**GOAL OF THE EXERCISE:** Only lines, not pictures: please repeat exactly the lines from the one with "NUMISBRIEF Bermuda 25 Cents..." through the end of the listing.

**MATERIAL PROVIDED:**

--------------------------------------------------

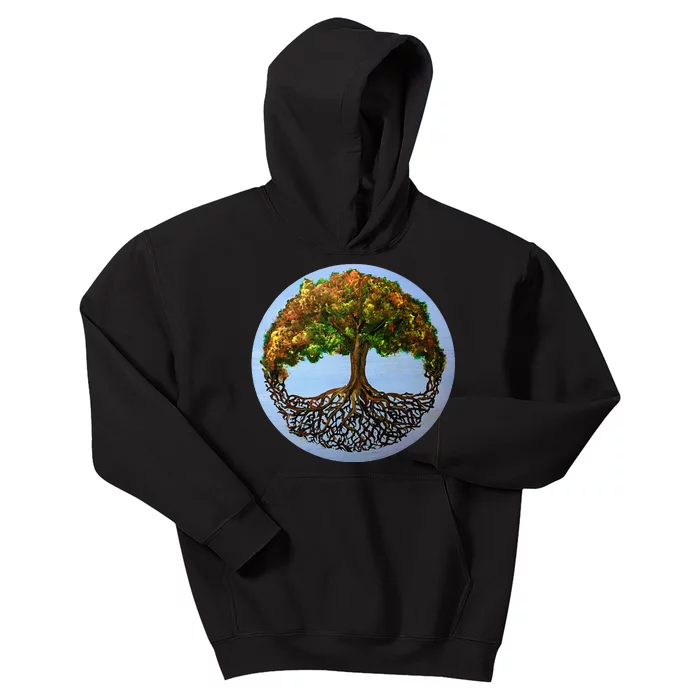 Tree Of Life Painting Kids Hoodie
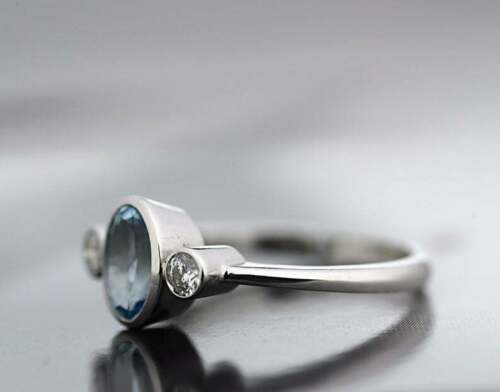 1.70 Ct Round Cut London Blue Topaz 925 Sterling Silver Three-Stone Promise Ring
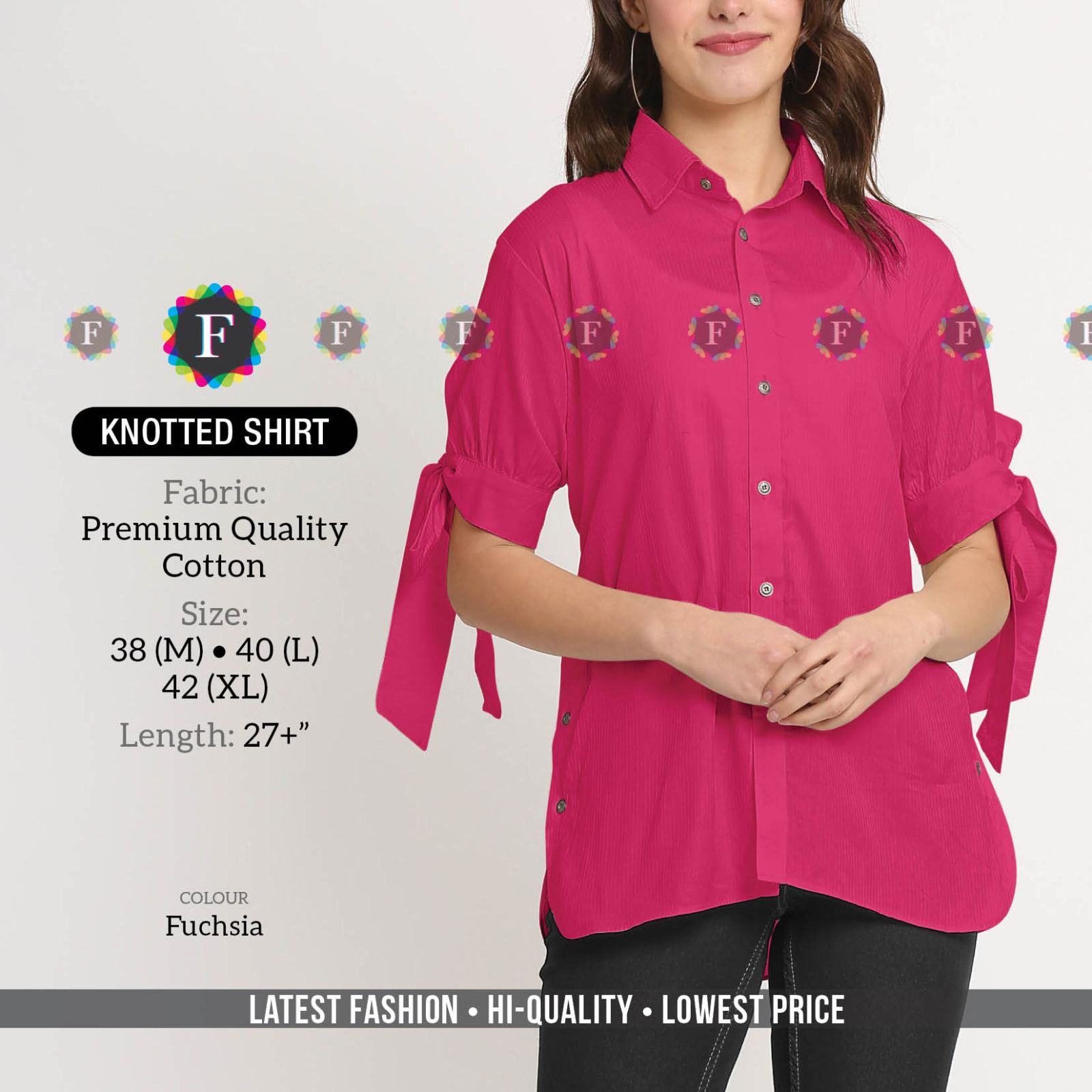 Knotted Shirt Premium Cotton Top Shirt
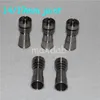 수공구 Domeless Titanium Nails 범용 오일 조작 유리 봉을위한 14mm 및 19mm 조인트와 호환되는 여성 이중 기능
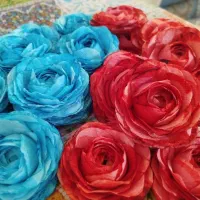 گل‌ رز جاودان، به صورت باکس و تکی در رنگبندی|گل مصنوعی|شهر بابک, |دیوار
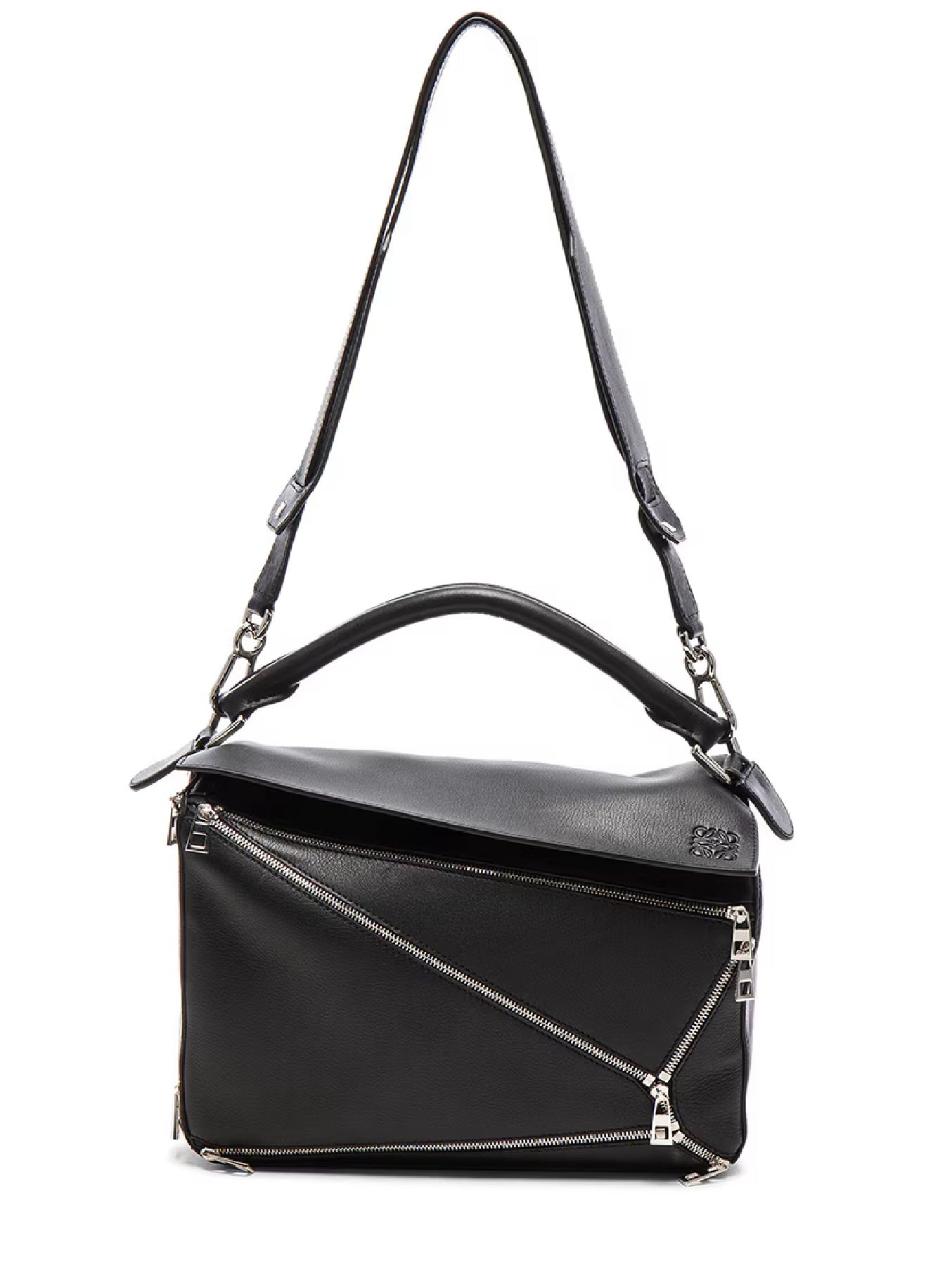 LOEWE Puzzle ZIPS Bag Black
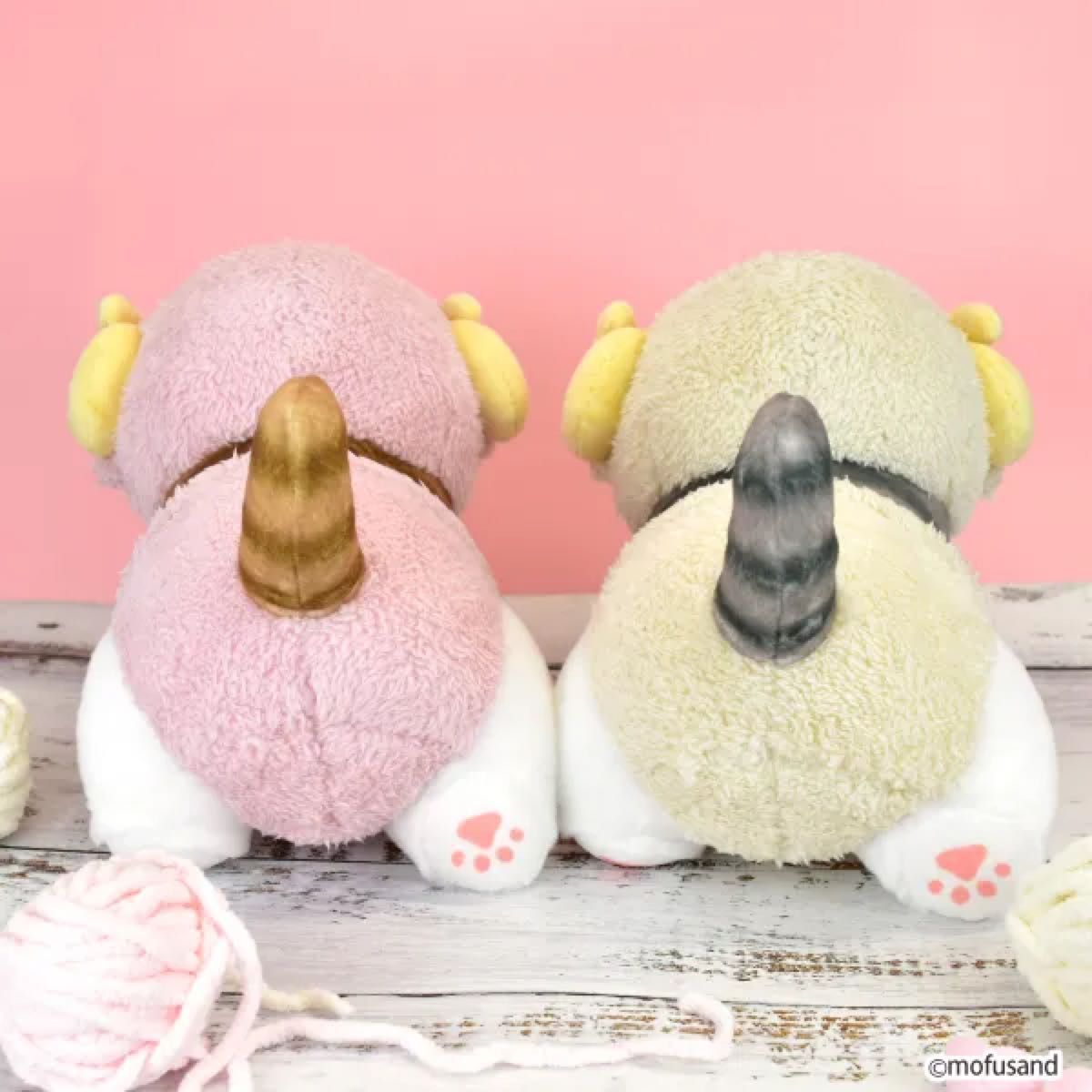 ひつじにゃん&ミツバチにゃんBIGぬいぐるみ～ダッシュ！～　4点セット ぬいぐるみ mofusand モフサンド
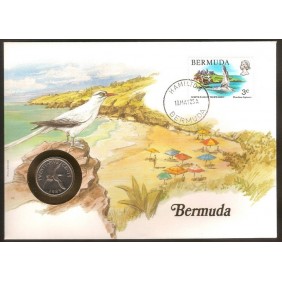 NUMISBRIEF Bermuda 25 Cents...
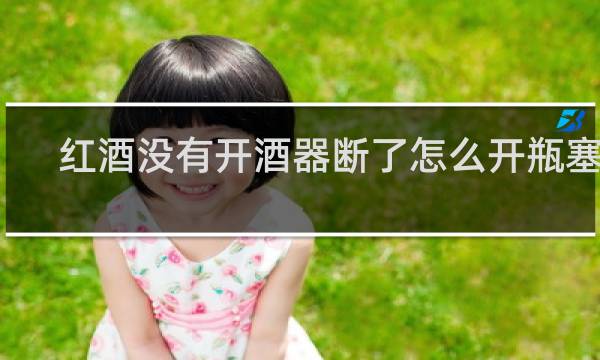 红酒没有开酒器断了怎么开瓶塞子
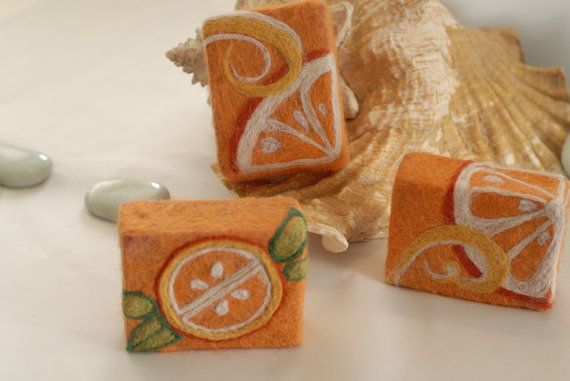 Handmade Felted Soap Just for You set  Made with by MaDoSheDesigN, $40.50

--------------------------------------------------

**ANSWER TO THE PROBLEM:**
 NUMISBRIEF Bermuda 25 Cents...
 红酒没有开酒器断了怎么开瓶塞子
 Handmade Felted Soap Just for You set  Made with by MaDoSheDesigN, $40.50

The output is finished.